What you will do = Every record below is to be retyped exactly, with any pictures left out.
** Data supplied follows **
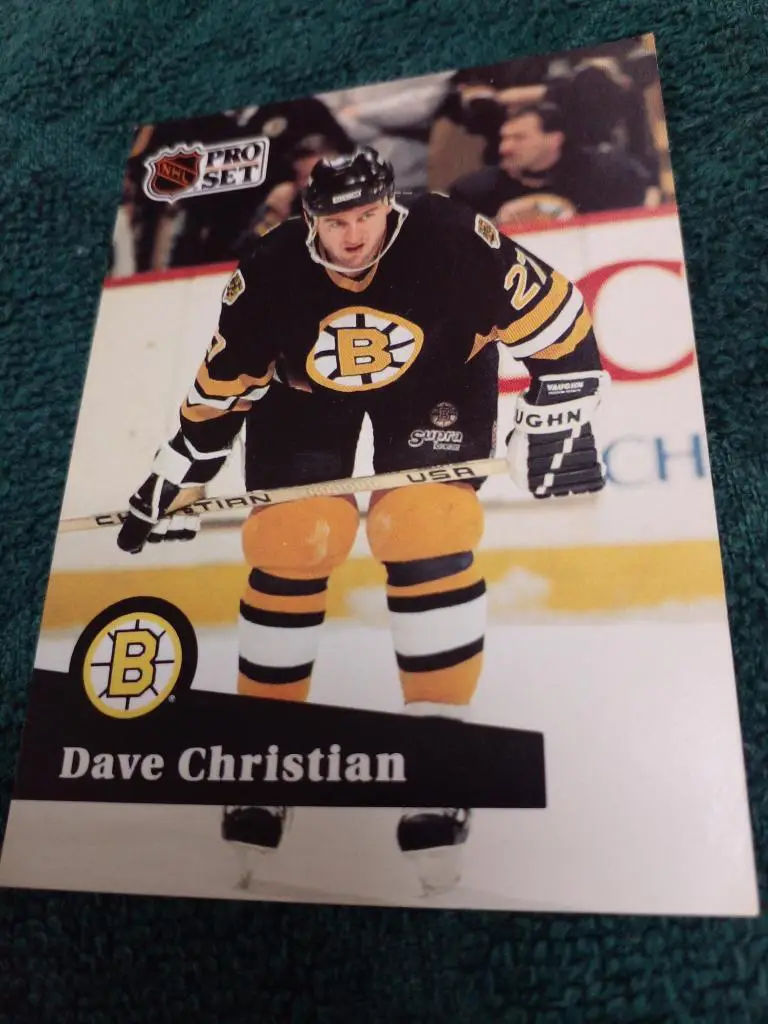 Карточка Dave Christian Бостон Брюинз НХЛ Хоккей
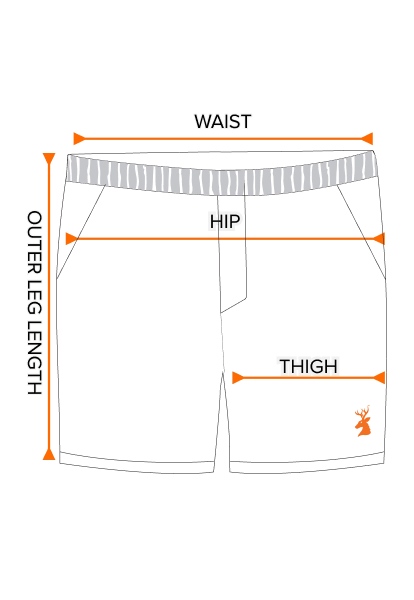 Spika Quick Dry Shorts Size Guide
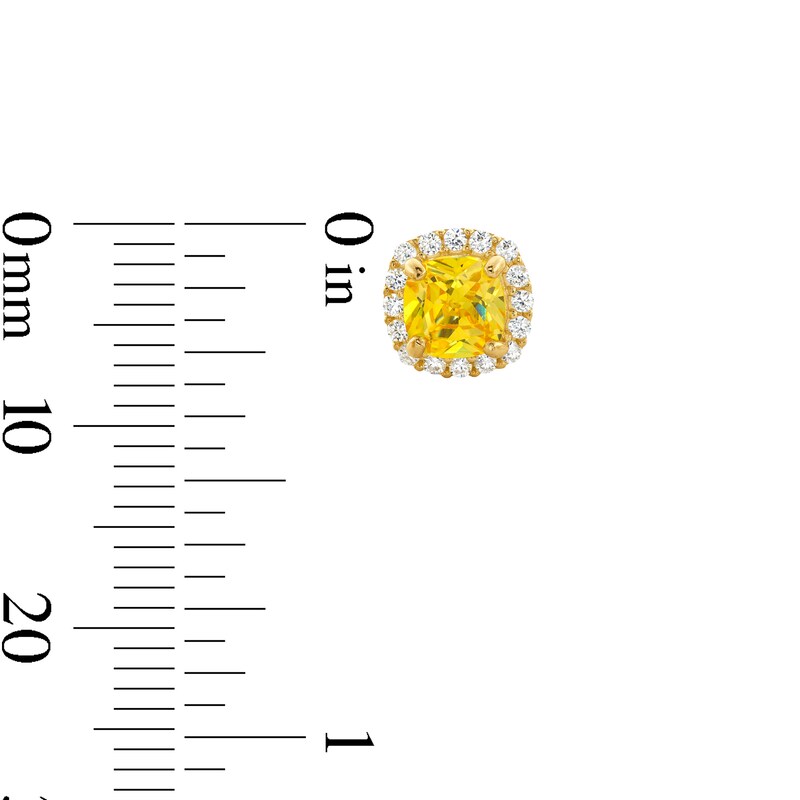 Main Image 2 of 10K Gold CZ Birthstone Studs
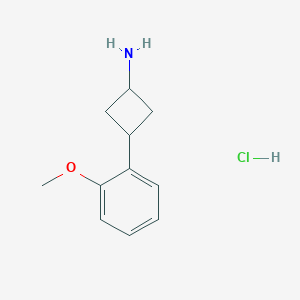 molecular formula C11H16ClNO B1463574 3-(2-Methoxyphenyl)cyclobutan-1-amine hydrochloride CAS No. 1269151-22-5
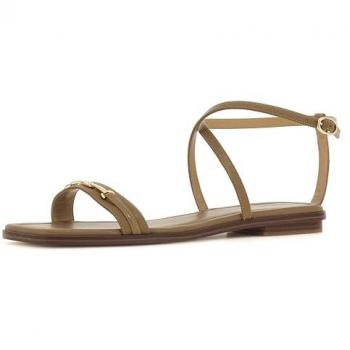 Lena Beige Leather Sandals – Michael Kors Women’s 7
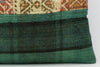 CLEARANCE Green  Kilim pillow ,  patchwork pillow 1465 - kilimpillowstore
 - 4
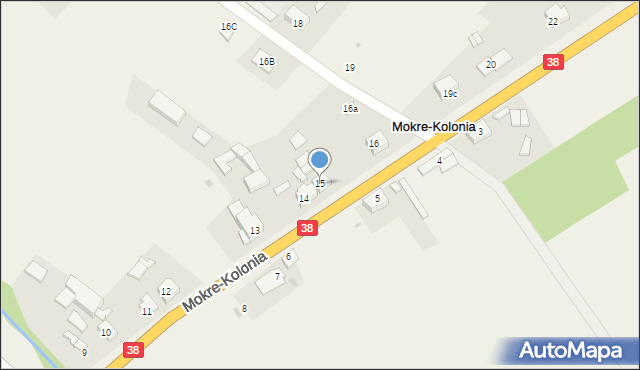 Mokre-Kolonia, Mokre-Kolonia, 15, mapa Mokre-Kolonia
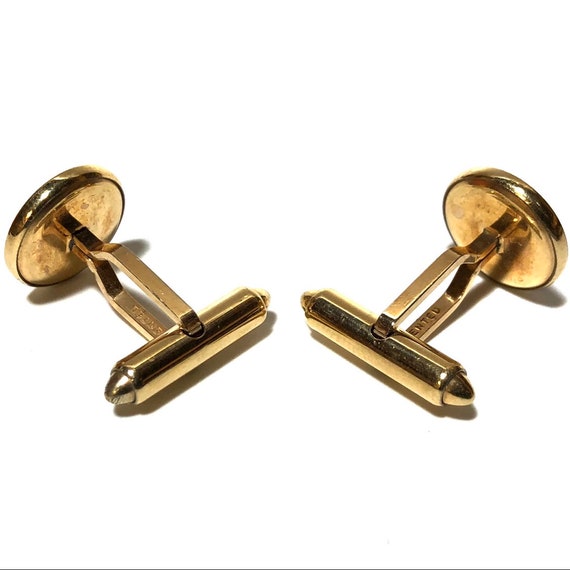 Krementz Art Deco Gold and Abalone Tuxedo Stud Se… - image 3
** End of Data supplied **
Your response =
 Карточка Dave Christian Бостон Брюинз НХЛ Хоккей
 Spika Quick Dry Shorts Size Guide
 Main Image 2 of 10K Gold CZ Birthstone Studs
 molecular formula C11H16ClNO B1463574 3-(2-Methoxyphenyl)cyclobutan-1-amine hydrochloride CAS No. 1269151-22-5
 Lena Beige Leather Sandals – Michael Kors Women’s 7
 CLEARANCE Green  Kilim pillow ,  patchwork pillow 1465 - kilimpillowstore
 - 4
 Mokre-Kolonia, Mokre-Kolonia, 15, mapa Mokre-Kolonia
 Krementz Art Deco Gold and Abalone Tuxedo Stud Se… - image 3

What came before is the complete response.